(Short descriptive text snippets)
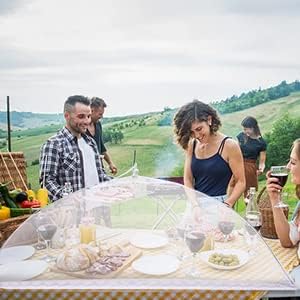 JULBEAR 4 Pcs Extra Large Mesh Food Cover Tent Umbrella Food Screen Covers - Image 5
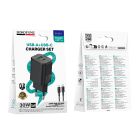 Мережевий зарядний пристрій BOROFONE BAS85A Star PD30W+QC3.0 charger set (C to C) (EU) Black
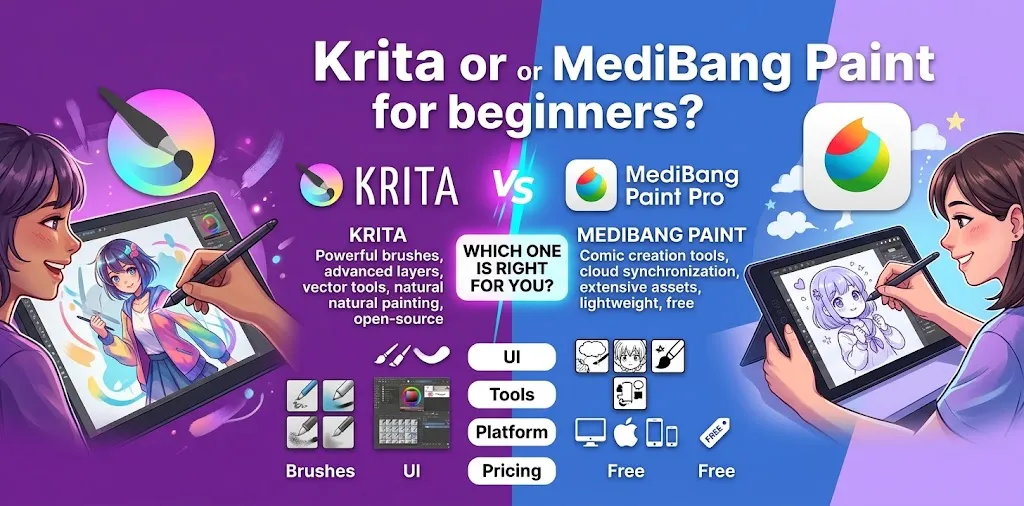 Krita or MediBang Paint for beginners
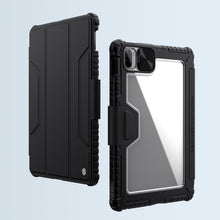 Заредете изображение във визуализатора на галерията – Nillkin Bumper Leather Case Pro Armored Smart Cover with Camera Cover and Stand Xiaomi Mi Pad 5 Pro / Mi Pad 5 Black - TopMag
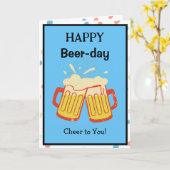 Happy Beer Day Niedliche Geburtstag Card Karte (Gelbe Blume)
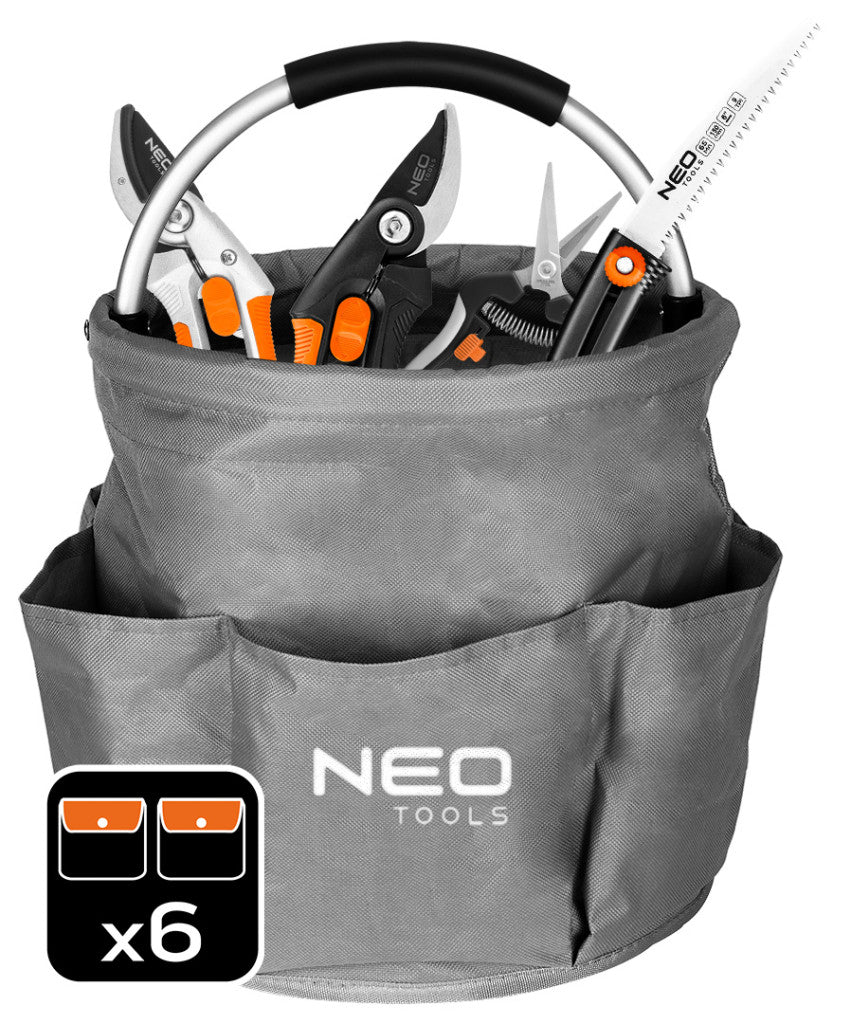 NEO TOOLS Kerti szerszámos táska, 28x28x27cm, oxford szövet, oldalzsebekkel 15-963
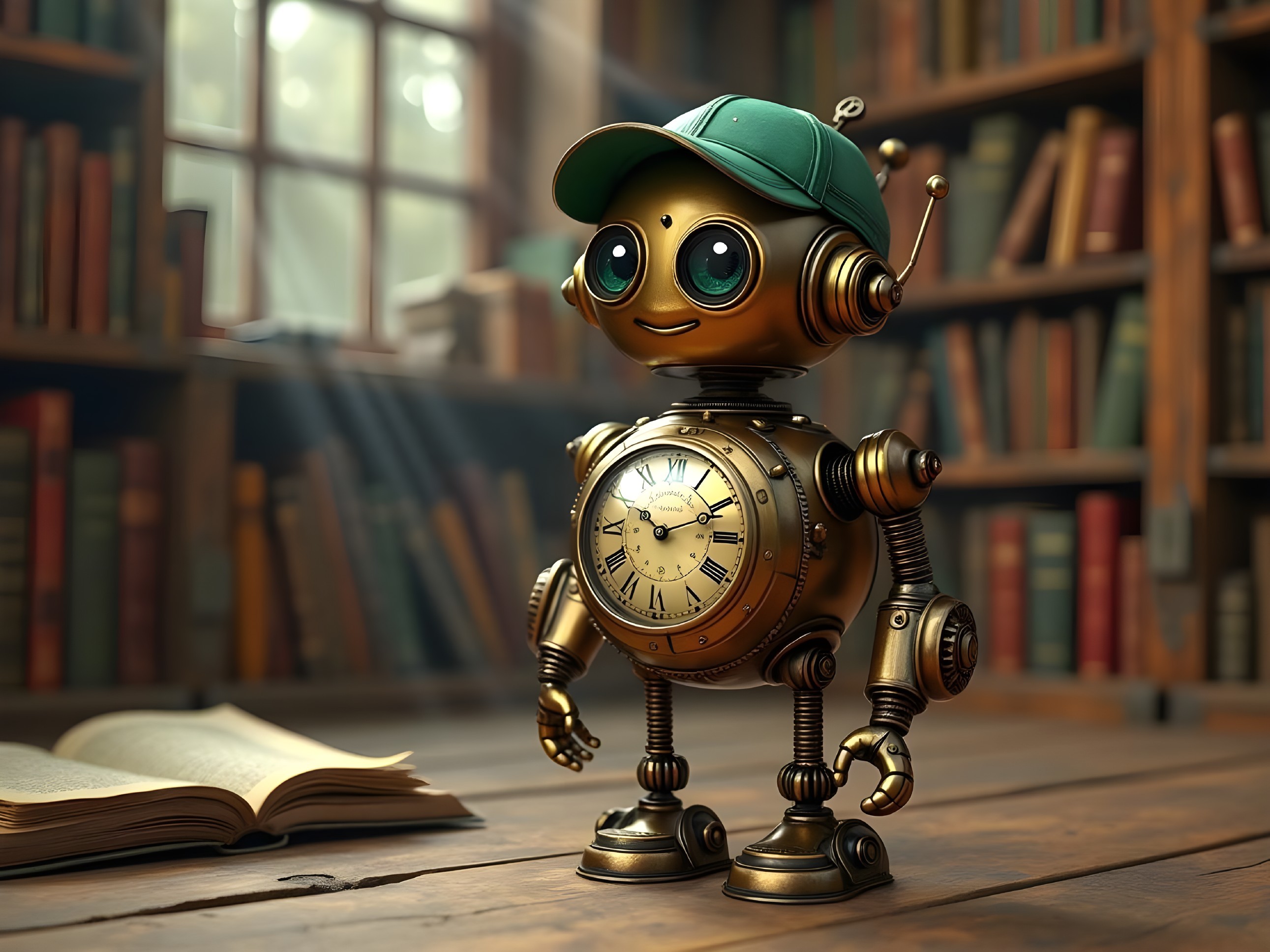 Robotic Figure in Cozy Library with Steampunk Design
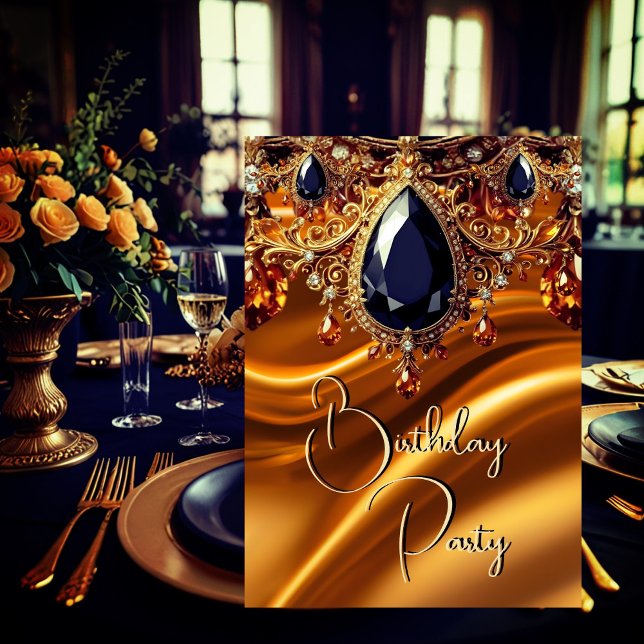 Födelsedagsfest Karamell Guld Silke Svart Blå ädel Inbjudningar (Skapare uppladdad)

◆ **What the task asks**: Write out the data above in full and exactly, but not the pictures.

◆ **Task result**:
 JULBEAR 4 Pcs Extra Large Mesh Food Cover Tent Umbrella Food Screen Covers - Image 5
 Мережевий зарядний пристрій BOROFONE BAS85A Star PD30W+QC3.0 charger set (C to C) (EU) Black
 Krita or MediBang Paint for beginners
 Заредете изображение във визуализатора на галерията – Nillkin Bumper Leather Case Pro Armored Smart Cover with Camera Cover and Stand Xiaomi Mi Pad 5 Pro / Mi Pad 5 Black - TopMag
 Happy Beer Day Niedliche Geburtstag Card Karte (Gelbe Blume)
 NEO TOOLS Kerti szerszámos táska, 28x28x27cm, oxford szövet, oldalzsebekkel 15-963
 Robotic Figure in Cozy Library with Steampunk Design
 Födelsedagsfest Karamell Guld Silke Svart Blå ädel Inbjudningar (Skapare uppladdad)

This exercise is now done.